To keep his kingdom from conquest by guests,
He humbled the Hebrews to holding the status
Of livestock that lived in the laws of Egypt
As slaves, all but slime, who would slink to their beds
And tell with their tears a tale of their loss.
In heaven there heard their howls of dismay
One moved by mercy — the Maker of all.
Our God regathered those given to grief
By sending a son as a sign of hope
To release the line that was loved by God
From service to sin — the sayings of masters.
The law of the land was lethal to him:
A son of servants,
it said, "must be slain
To keep the kingdom from conquest within."
His mother was moved by demands of love
To consign her son, concealed in a chest,
To riding the river to ruin or hope.
A master's mercy moved him to safety:
A princess proffered reprieve to the son,
Who, raised from the reeds, was reared as her own.
She made him Moses to remind the world:
A baby was borne to rebirth on the waves.

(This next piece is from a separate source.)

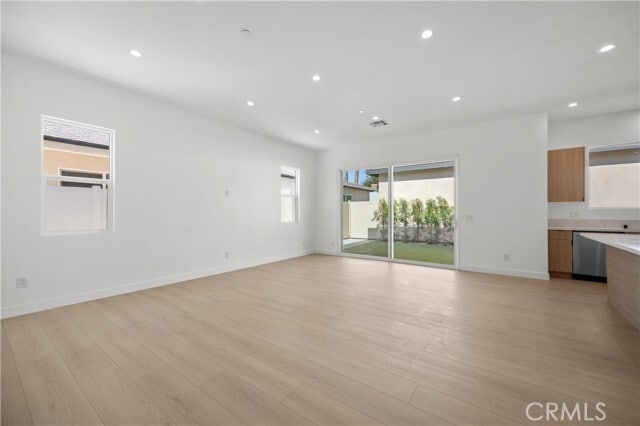 Building Photo - 6948 Amestoy Ave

Imbued with beauty by birth and by home,
The son of servants, now seen as a prince,
Was allowed to learn the lore of Egypt,
Making him master of men and of gods.
He bore his burden of beauty with grace
Until, being told the tale of his birth,
He put compassion for the poor and weak
Ahead of his hopes for heights of glory.
Seeing a servant assaulted by whip,
The son of servants summoned his courage
To save the servant from sorrow and grief;
But, fired by fury to fight unwisely,
Moses would murder a man of the king
And must leave the land, his life now forfeit,
To sigh in the sand as a son of exile.
He lived a whole life in a land of thirst
Before he would find what he faced for God.
The shearing of sheep was his share in life
When he led his lambs to look for forage.
Heading for highlands where he hoped for grass,
He witnessed wonders that woke him from doubt.
A bush was burning, but bore no damage
From fire that had formed a furnace of light.
The One Who awoke the worlds to being
Had sent him a sign — was saying the Name:
"I am who I am, the only, the true.
I have heard the hope of households of slaves
For release from lives that they live in vain—
For a life of love on land of their own.
To give them this gift, you must go back home
And call to account the king of Egypt:
‘Release my loved ones to live in freedom,
Or face misfortune from the fire who speaks.’
If you feel unfit to face him alone,
Then bring, to be brave, your brother, Aaron,
To give for his God his guidance to you."
The guidance of God, forgiving, but clear,
Was moving Moses to meet what he feared.
He went from wonders to work for his God
By taking tidings of a test of heart
To Pharaoh, his foe, though favored in youth
For owning the awe that honors a prince.
When he came to court to call for freedom,
Moses remembered the mountain of pride
Erected by rulers from the realm of the stars
To bear them above the baseness of mortals.
"Silence, you subjects! You’re seeing the king.
By descent from the sun, he’s the son of Ra."
The mouth of Moses, mentioning freedom,
Angered and outraged the offspring of gods.
In fury, Pharaoh defied his Maker,
Embittered bondage of bearers of loads,
And hurled the herald, though holy to God,
From court to courtyard to come to the street.